Using MAC table – Linux Bridge – WILT

In an earlier blog, I have talked about Linux bridge based virtual networking. Recently as part of a comment on my blog, I learnt how to view and interpret the MAC table of Linux bridge. In this installment of WILT (What I Learnt Today) series, I will share how MAC Table can be used for troubleshooting Linux bridges.

MAC Table – Background

Bridges and Switches forward packets by examining and learning MAC address from incoming packets. Linux bridges are no different from their hardware counterparts. And looking at the MAC table learnt by Linux bridges can provide useful insight into the flow of packets.

In cloud platforms like OpenStack, virtual machines (VMs) started by different tenants may get scheduled on the same hardware server. It follows that these VMs will share the resources on that server including the network ports. Let us consider a scenario where Linux bridge is used for virtual networking (as Mechanism driver in OpenStack). Now if there was a problem with one of the network ports on a server, it will be good to know which VMs are impacted by it.

Since multiple Linux bridges may be present, one of the best ways to find out the affected VMs for a given physical network port, is by looking at the MAC table of the Linux bridge that is bound to the failed network port.

Interpreting MAC Table – Step-by-Step guide

Step 1: If you have detected that eth0 interface is having a problem, then using brctl show command you can list all the bridges and identify the Linux bridge bound to eth0.

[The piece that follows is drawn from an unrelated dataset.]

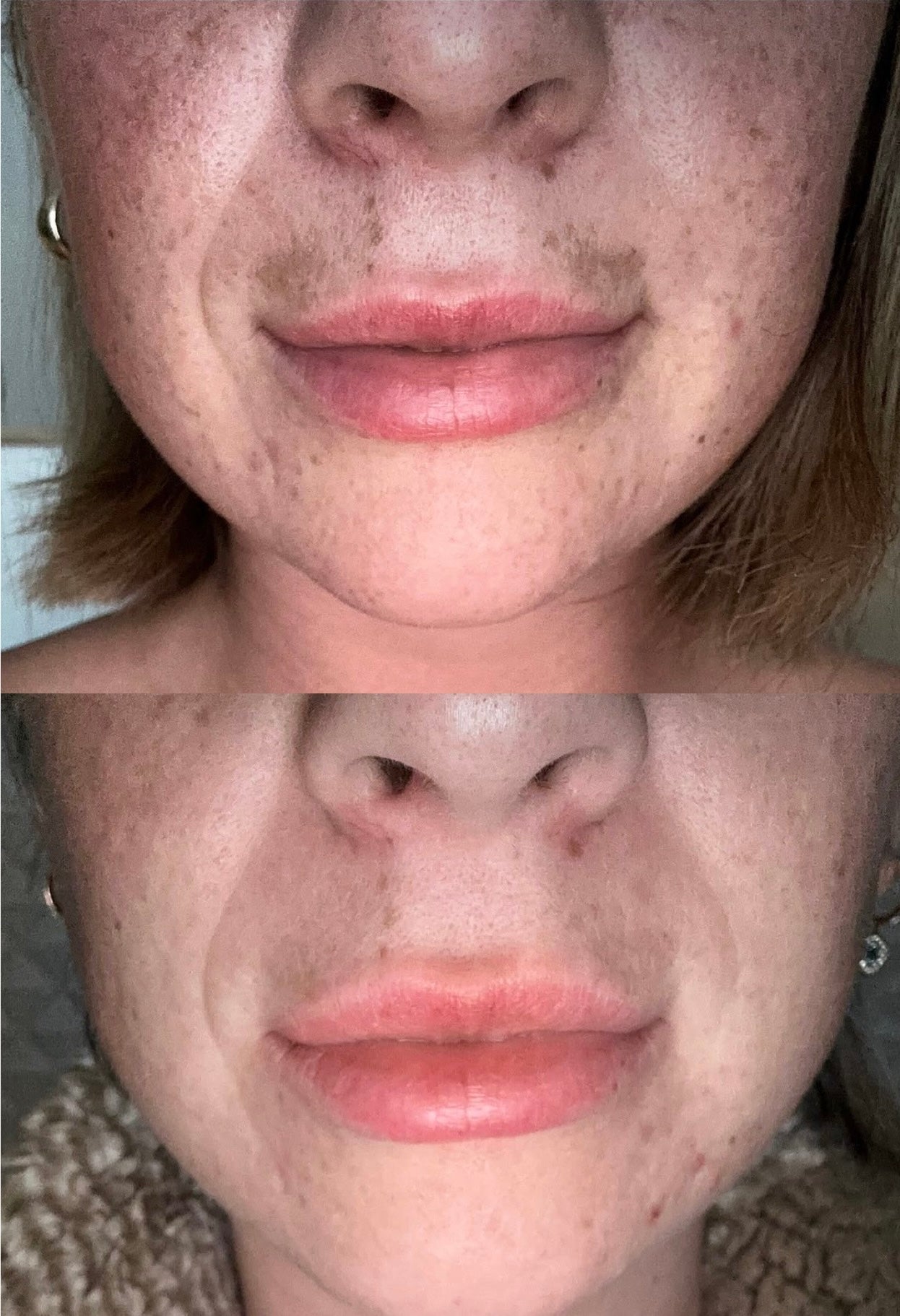Before and after comparison of a person's face.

Step 1 - Identify the bridge for a given interface

Step 2: Next execute the command brctl showmacs <bridge_name> with the bridge you identified in Step 1 to view the MAC table. In the output, each row represents MAC address learnt at each port of the Linux bridge. The important columns in the output are ‘is local?’, ‘port no’ and ‘mac addr’.

Step 2 - View MAC Table using brctl showmacs command

Step 3: When a row (or MAC address) has ‘is local’ as Y (means Yes), then it represents the MAC address of an interface directly on the Linux BridgeYou can confirm this with the MAC address of eth0 which is bound to the Linux bridge (myvirtbridge in the screenshot below). The other interfaces with ‘is local’ as Yes are the tap interfaces directly on the Linux bridge. Make a note of the ‘port no’ for these tap interface MAC addresses (where ‘is local’ is Yes).

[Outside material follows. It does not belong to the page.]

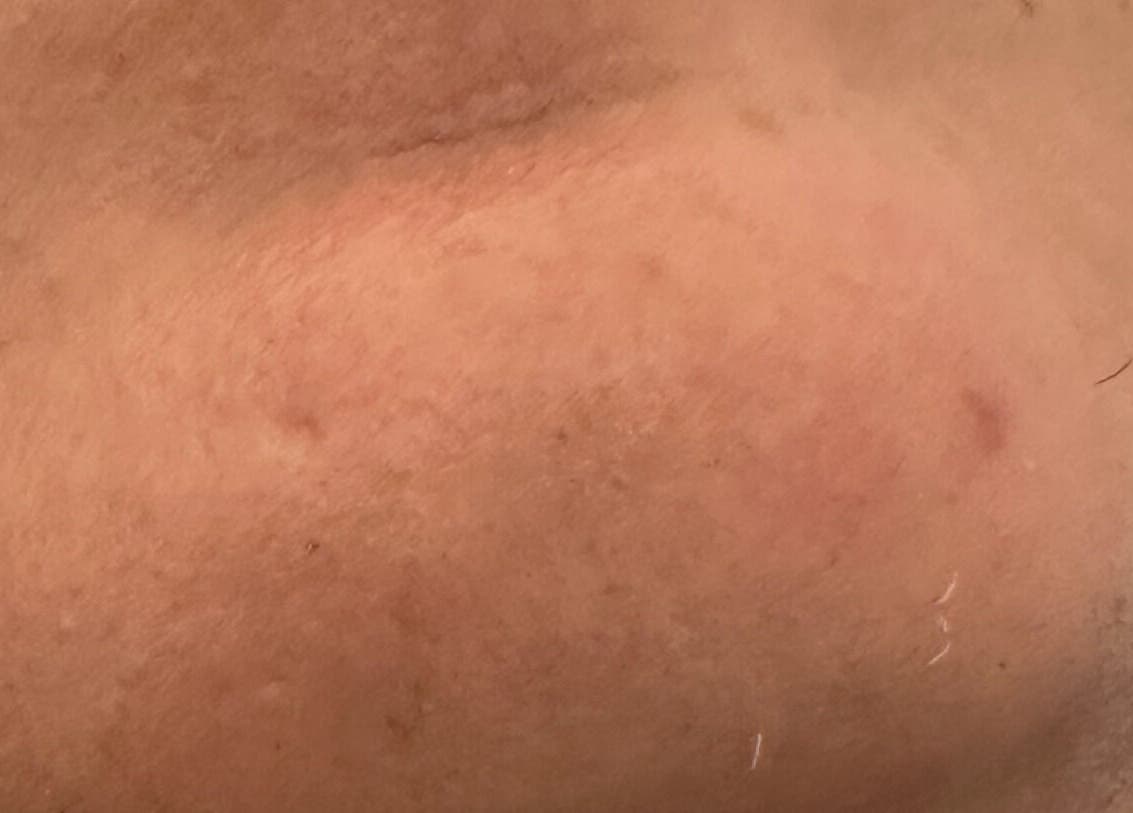 Tratamiento facial en Le’ Piel Clinic & Spa, Bayamón, Bayamón, PR, destacando piel saludable.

Step 3 - Identify Port Numbers for Local Ports

In this example, Port Number 1 belongs to the eth0 interface. And Ports 2 and 3 represent the Tap interfaces on the Linux bridge (myvirtbridge).

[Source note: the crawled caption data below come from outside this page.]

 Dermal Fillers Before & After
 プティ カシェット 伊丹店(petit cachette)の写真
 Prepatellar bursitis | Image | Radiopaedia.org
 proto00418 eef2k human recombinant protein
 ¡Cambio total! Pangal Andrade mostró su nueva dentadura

Step 3 - Identify Port Numbers for Local Ports

Step 4: For each port number with a ‘is local’ as Yes, you will find another entry in the MAC table with the same port number but with ‘is local’ as No. These entries with ‘is local’ as No represents the MAC address learnt from the incoming packets. Since we are looking at Port number for tap interfaces, the remote entities that are sending these packets are basically the virtual interfaces inside virtual machines. In the picture below, for Local port 2, the non-local (remote) MAC address is “52:54:00:81:ad:5a”. This will be the MAC address of a virtual NIC of a VM. Similarly for local port 3.

Step 4 - Identify Remote MAC address for the corresponding Local MAC

Step 5: There are two ways to confirm that the remote MAC addresses belong to VMs.

  1. You can use the ps -ef  command and grep for these remote MAC addresses.
  2. Or you can login into the VMs and try the ifconfig command inside the VM.

Step 5 - Verify the MAC address of the VM

Conclusion: As seen in the step by step guide, understanding MAC table output provides useful insights into the flow of packets in a Linux bridge. It can be a useful tool in troubleshooting networking problems (in addition to other tools).